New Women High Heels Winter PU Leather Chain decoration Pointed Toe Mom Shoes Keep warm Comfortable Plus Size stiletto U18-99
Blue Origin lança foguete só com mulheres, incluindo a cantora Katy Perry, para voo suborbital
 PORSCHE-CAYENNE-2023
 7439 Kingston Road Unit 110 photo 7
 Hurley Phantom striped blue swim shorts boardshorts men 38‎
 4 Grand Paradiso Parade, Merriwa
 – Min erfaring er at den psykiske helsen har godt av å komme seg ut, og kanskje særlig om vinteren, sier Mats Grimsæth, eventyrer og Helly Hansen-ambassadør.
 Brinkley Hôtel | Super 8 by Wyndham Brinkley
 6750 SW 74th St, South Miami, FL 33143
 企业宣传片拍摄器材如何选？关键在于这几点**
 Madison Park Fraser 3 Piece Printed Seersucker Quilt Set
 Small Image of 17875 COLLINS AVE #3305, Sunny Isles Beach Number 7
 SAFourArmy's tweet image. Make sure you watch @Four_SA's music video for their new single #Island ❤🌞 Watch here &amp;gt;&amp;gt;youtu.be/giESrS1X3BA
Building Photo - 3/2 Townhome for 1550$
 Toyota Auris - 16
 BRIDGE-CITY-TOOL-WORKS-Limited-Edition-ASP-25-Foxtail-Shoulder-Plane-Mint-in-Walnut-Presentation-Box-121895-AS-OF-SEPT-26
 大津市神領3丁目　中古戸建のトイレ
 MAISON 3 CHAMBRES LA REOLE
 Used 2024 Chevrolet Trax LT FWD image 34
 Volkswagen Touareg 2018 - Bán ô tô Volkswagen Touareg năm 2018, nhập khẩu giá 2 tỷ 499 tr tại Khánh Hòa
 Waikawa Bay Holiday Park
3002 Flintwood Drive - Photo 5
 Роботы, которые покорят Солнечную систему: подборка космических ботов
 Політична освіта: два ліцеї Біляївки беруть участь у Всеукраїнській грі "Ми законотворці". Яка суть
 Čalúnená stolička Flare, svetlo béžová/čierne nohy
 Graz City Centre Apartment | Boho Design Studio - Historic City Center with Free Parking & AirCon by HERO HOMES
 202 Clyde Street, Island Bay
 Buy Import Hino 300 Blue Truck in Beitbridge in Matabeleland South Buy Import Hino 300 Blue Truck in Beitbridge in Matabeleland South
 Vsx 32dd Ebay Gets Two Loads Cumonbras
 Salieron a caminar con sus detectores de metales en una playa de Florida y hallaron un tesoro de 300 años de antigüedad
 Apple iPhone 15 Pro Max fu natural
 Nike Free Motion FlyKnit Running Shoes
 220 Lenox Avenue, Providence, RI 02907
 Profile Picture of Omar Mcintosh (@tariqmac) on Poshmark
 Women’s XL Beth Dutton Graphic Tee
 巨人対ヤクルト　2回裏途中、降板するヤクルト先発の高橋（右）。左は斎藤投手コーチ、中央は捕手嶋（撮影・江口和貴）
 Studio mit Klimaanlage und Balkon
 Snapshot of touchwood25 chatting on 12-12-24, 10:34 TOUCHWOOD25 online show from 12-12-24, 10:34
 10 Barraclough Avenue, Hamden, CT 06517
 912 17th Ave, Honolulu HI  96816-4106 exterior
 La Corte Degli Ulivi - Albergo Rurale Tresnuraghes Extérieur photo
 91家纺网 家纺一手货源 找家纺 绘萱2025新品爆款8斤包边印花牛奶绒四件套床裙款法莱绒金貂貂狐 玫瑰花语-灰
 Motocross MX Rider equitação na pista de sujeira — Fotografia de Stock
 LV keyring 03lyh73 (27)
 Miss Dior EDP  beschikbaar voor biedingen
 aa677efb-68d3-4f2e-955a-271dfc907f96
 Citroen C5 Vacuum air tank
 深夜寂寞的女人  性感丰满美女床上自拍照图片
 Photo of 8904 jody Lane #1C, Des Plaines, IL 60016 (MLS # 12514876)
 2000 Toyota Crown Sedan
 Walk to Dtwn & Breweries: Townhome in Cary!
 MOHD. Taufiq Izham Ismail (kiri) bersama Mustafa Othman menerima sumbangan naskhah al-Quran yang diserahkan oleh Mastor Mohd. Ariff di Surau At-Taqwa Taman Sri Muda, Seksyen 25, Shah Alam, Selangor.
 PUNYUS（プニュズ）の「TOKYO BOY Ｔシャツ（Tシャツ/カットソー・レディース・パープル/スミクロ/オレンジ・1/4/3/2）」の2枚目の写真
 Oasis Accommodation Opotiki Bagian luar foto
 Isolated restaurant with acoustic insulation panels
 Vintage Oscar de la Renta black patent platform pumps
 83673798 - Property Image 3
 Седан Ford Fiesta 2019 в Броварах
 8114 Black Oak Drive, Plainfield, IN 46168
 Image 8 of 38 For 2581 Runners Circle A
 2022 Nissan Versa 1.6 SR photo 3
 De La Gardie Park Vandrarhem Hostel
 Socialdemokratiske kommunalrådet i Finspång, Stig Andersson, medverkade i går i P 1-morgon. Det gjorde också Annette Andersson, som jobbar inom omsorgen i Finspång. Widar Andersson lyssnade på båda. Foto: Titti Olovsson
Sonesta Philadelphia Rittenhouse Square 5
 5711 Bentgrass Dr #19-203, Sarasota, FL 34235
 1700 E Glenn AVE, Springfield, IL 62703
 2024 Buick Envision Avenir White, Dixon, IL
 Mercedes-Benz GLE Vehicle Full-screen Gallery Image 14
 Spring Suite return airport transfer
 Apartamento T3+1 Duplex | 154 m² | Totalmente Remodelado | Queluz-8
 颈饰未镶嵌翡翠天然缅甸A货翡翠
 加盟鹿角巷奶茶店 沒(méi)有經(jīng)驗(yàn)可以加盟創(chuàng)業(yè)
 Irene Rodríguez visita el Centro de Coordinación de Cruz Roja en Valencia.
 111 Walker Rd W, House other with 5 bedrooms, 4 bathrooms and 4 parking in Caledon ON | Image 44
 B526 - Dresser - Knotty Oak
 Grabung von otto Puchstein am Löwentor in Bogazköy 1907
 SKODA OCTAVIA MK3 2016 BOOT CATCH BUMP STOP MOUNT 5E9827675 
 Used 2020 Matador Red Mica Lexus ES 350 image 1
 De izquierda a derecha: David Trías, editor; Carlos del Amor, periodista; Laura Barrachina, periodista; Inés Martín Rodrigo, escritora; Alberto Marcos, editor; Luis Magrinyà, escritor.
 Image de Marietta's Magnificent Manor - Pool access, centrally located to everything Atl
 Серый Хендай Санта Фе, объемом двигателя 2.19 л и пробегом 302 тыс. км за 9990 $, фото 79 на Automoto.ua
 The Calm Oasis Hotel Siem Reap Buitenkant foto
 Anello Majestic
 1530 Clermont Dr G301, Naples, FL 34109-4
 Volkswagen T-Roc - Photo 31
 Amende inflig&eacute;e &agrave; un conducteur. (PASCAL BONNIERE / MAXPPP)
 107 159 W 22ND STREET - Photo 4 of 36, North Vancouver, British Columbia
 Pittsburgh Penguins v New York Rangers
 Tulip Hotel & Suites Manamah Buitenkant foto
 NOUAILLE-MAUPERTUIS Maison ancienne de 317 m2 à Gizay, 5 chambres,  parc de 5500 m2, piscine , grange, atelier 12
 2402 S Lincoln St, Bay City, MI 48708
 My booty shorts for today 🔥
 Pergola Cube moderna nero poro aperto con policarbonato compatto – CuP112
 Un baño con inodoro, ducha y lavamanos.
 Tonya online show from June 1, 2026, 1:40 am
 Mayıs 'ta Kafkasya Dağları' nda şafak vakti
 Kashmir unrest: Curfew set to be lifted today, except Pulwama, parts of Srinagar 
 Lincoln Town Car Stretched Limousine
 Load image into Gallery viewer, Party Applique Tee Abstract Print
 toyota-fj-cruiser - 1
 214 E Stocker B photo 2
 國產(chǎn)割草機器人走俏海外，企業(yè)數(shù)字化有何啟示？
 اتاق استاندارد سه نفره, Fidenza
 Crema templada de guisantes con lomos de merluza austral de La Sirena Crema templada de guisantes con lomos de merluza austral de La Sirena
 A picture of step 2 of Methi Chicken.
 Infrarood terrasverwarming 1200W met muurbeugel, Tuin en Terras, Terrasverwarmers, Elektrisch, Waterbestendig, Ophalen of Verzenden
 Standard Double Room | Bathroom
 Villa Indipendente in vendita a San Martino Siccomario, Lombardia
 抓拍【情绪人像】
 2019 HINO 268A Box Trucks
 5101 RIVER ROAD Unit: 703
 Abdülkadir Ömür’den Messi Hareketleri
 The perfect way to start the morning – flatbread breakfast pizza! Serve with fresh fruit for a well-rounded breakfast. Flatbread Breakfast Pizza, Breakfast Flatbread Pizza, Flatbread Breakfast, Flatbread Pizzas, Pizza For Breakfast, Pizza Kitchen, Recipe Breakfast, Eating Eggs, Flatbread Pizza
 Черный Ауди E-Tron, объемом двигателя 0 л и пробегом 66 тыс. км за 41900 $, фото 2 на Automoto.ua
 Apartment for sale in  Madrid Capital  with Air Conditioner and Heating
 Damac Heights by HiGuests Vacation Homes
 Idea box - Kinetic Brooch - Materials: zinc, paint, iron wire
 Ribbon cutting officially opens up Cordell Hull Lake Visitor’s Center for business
--------
### EXERCISE PROMPT
Return a word-for-word copy of the lines above from the one holding "8114 Black Oak Drive, Plainfield, IN 46168" through the one holding "Apartamento T3+1 Duplex", with both of them included and nothing besides.

### RESPONSE BELOW
 8114 Black Oak Drive, Plainfield, IN 46168
 Image 8 of 38 For 2581 Runners Circle A
 2022 Nissan Versa 1.6 SR photo 3
 De La Gardie Park Vandrarhem Hostel
 Socialdemokratiske kommunalrådet i Finspång, Stig Andersson, medverkade i går i P 1-morgon. Det gjorde också Annette Andersson, som jobbar inom omsorgen i Finspång. Widar Andersson lyssnade på båda. Foto: Titti Olovsson
Sonesta Philadelphia Rittenhouse Square 5
 5711 Bentgrass Dr #19-203, Sarasota, FL 34235
 1700 E Glenn AVE, Springfield, IL 62703
 2024 Buick Envision Avenir White, Dixon, IL
 Mercedes-Benz GLE Vehicle Full-screen Gallery Image 14
 Spring Suite return airport transfer
 Apartamento T3+1 Duplex | 154 m² | Totalmente Remodelado | Queluz-8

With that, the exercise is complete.